I am studying divisibility and come across this rule. I think the rule is too complicated and hard to understand and remember. What is the best way to judge whether a number is divisible by 13 without having to remember this rule?
Delete the last digit from the number, and then subtract 9 times the deleted digit from the remaining number. If what is left is divisible by 13, then so is the original number. Repeat the rule if necessary.

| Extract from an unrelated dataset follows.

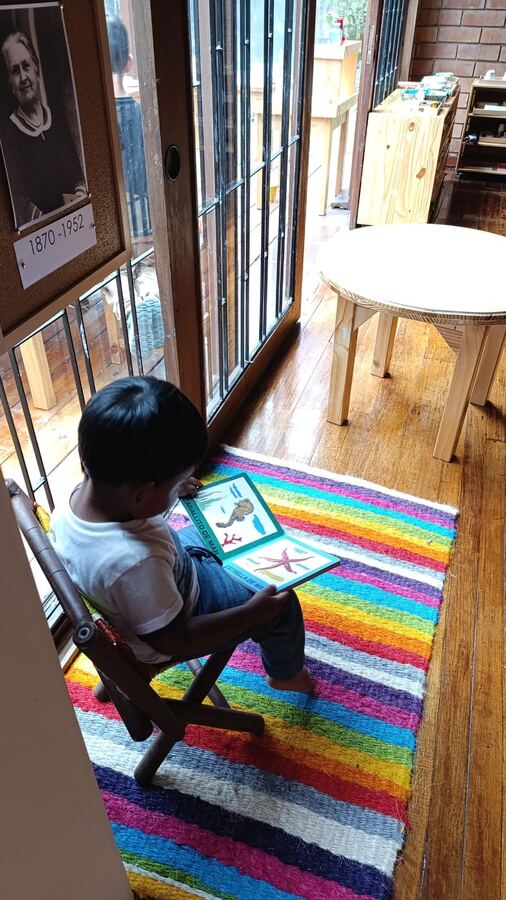 Niño leyendo un libro de palabras con imágenes, una actividad hacia la lectura total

Answer to the OP's Question:
The best way to judge this divisibility by $13$ would be to use the congruence relation $$1000 \equiv -1\pmod {13}$$ Using this relation, it will be very easy to check for divisibility by $13$ for large-digited numbers (greater than $3$ digits). However, this method does not work for numbers with $1,2,3$ digited numbers. Hence for numbers with less than $4$ digits, it is better to divide and check what happens.

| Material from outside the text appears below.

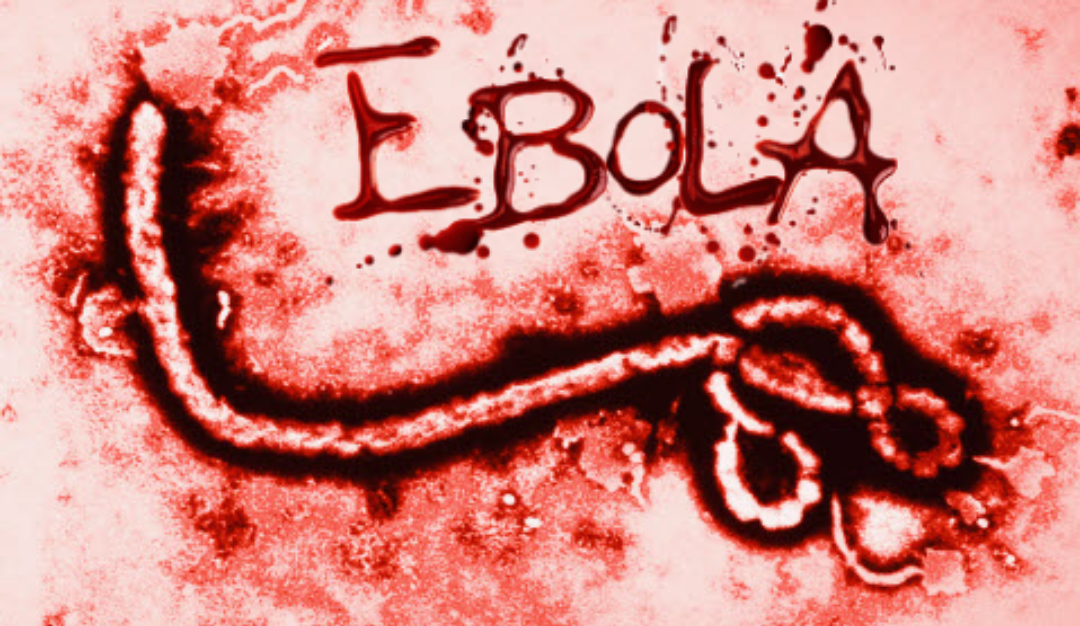 The Ebola &#8220;Virus&#8221; Part 1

Justification of the Rule:
Say $N=a_0+10a_1+10^2a_2+\ldots +10^na_n$ is any number and $a_0$ is the digit in its units' place.
On deleting the last digit, the number becomes $a_1+10a_2+\ldots +10^{n-1}a_n$
And on subtracting $9$ times the deleted digit, the number becomes $a_1+10a_2+\ldots +10^{n-1}a_n-9a_0$
Then according to the given algorithm, you have to check if $$a_1+10a_2+\ldots +10^{n-1}a_n-9a_0 \equiv 0 \pmod{13}$$
If the above holds, then it means $$a_1+10a_2+\ldots +10^{n-1}a_n-9a_0 \equiv 0 \pmod{13}$$ Or $$10a_1+10^2a_2+\ldots +10^na_n-90a_0 \equiv 0 \pmod{13}$$ Or $$a_0+10a_1+10^2a_2+\ldots +10^na_n-91a_0 \equiv 0 \pmod{13}$$ Or $$a_0+10a_1+10^2a_2+\ldots +10^na_n \equiv 91a_0 \pmod{13}$$
And irrespective of $a_0$, $13$ divides $91$. So we get $$a_0+10a_1+10^2a_2+\ldots +10^na_n \equiv 91a_0 \equiv 0\pmod{13}$$ that is, $$N \equiv 0\pmod{13}$$ that is, $$13|N$$
Another rule is to break the digits into groups of three, add the odd ones and subtract the even ones, and check if the result is divisible by $13$. For example, if you want to see if $123,456,789$ is divisible by $13$ you can do $123-456+789=456$ and check by trial division whether $456$ is divisible by $13$. When you find $456/13$ has remainder $1$, so does $123,456,789$. This works because $13$ divides into $1001$. Whether this is more or less complicated than trial division is in the eye of the beholder. Unlike the rule you quote, it gives you the remainder on division by $13$.